PROBLEM DESCRIPTION -
Using the data below, set down every line from the one containing "The beaches of" through the one containing "Top/lingerie noir XS/S", inclusive and unchanged. Pictures are to be skipped.

TASK INPUT -
━━━━━━

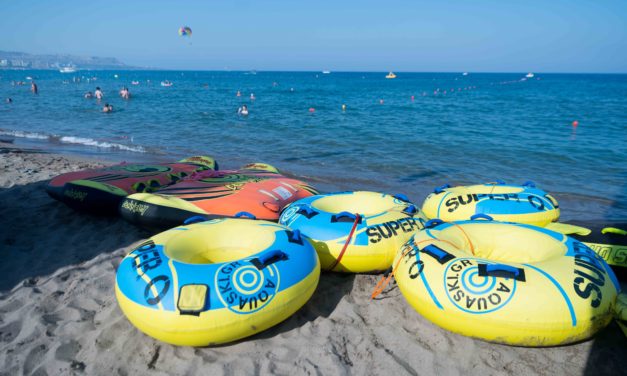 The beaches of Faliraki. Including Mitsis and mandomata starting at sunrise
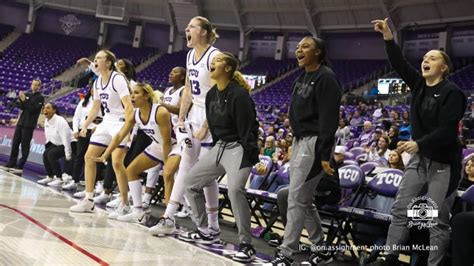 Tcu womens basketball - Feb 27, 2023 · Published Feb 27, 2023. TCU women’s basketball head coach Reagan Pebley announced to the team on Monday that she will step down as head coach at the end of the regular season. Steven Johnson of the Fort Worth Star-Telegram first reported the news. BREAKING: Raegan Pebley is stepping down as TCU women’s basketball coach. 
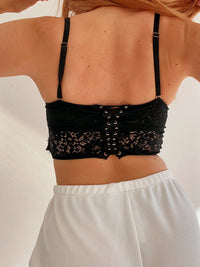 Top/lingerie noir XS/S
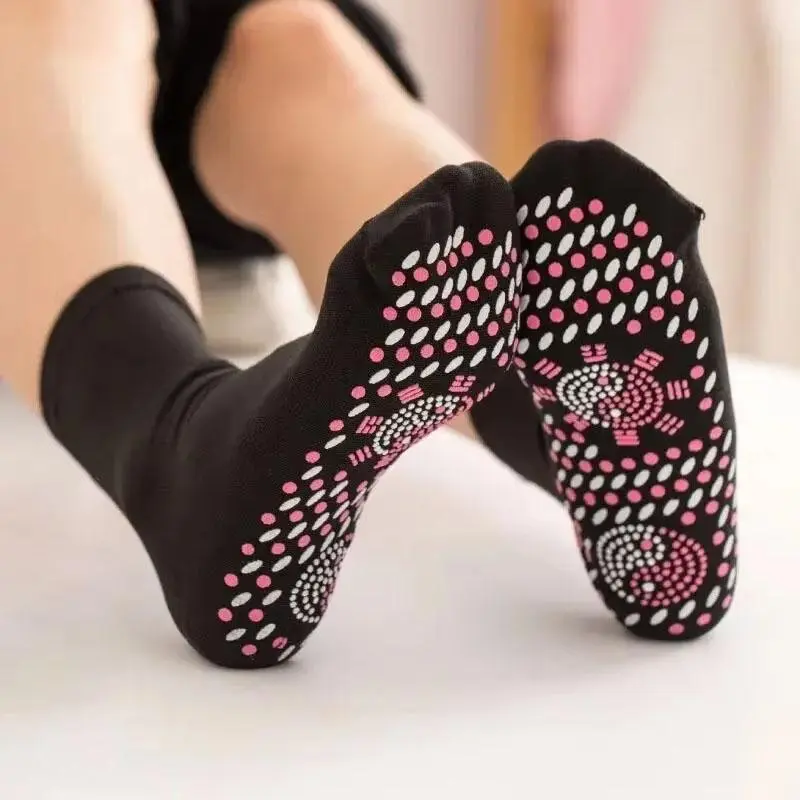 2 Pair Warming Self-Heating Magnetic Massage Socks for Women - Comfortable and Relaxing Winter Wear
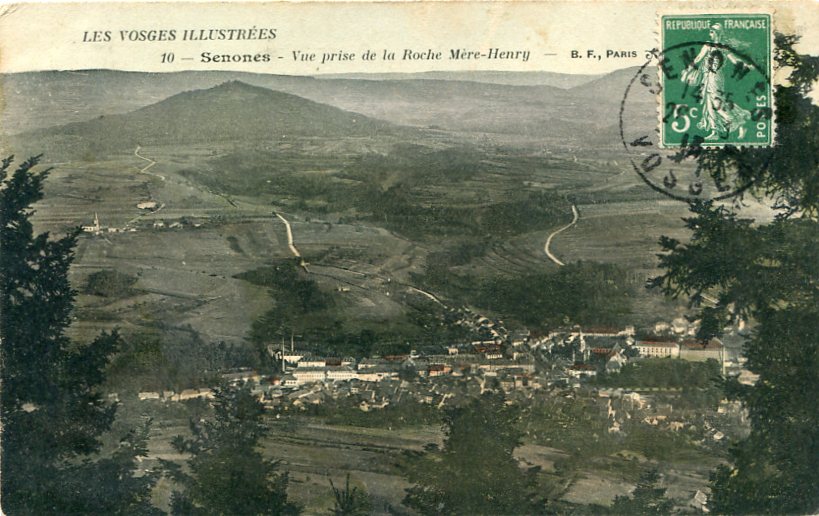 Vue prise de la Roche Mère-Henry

━━━━━━

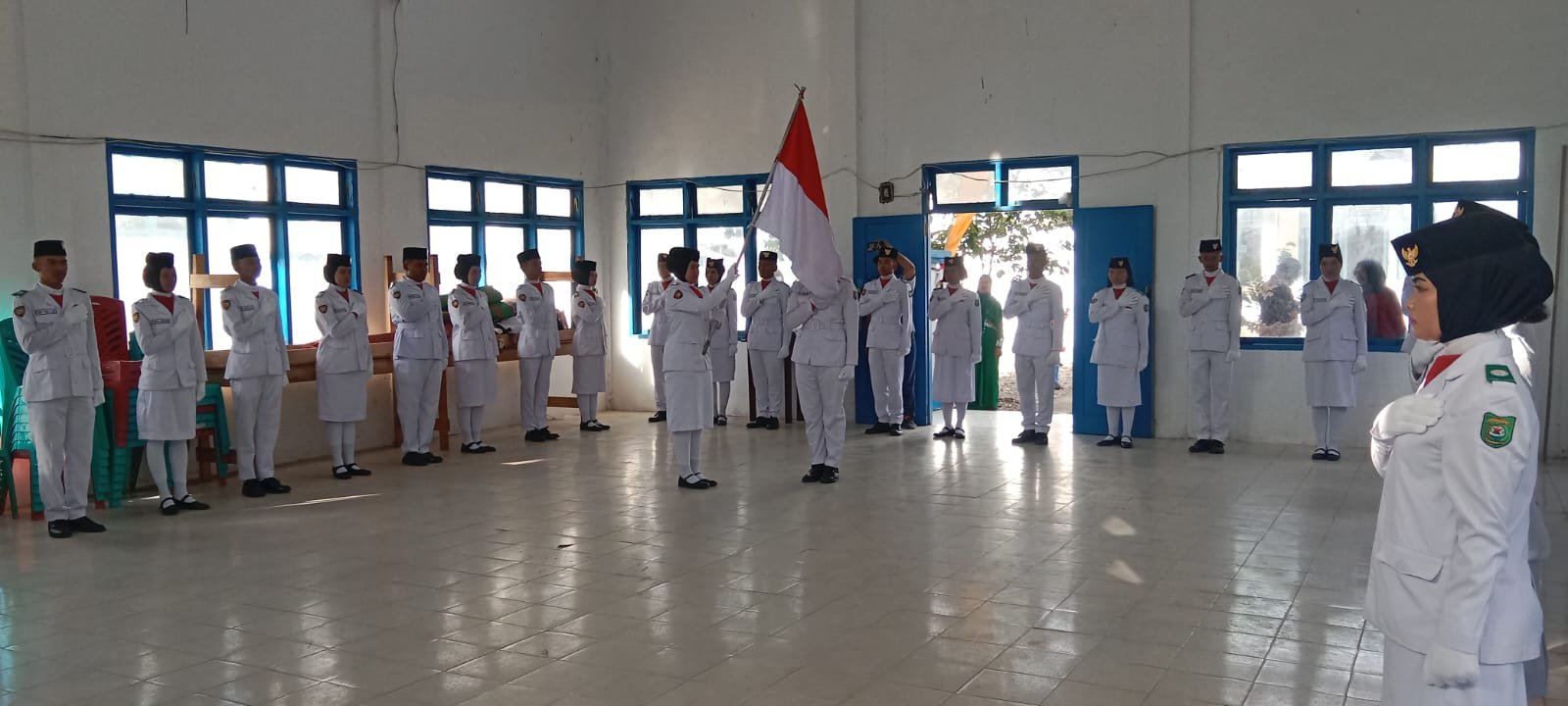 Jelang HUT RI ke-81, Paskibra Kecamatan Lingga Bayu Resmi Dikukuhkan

━━━━━━

WRITTEN RESPONSE -
 The beaches of Faliraki. Including Mitsis and mandomata starting at sunrise
 Tcu womens basketball - Feb 27, 2023 · Published Feb 27, 2023. TCU women’s basketball head coach Reagan Pebley announced to the team on Monday that she will step down as head coach at the end of the regular season. Steven Johnson of the Fort Worth Star-Telegram first reported the news. BREAKING: Raegan Pebley is stepping down as TCU women’s basketball coach. 
 Top/lingerie noir XS/S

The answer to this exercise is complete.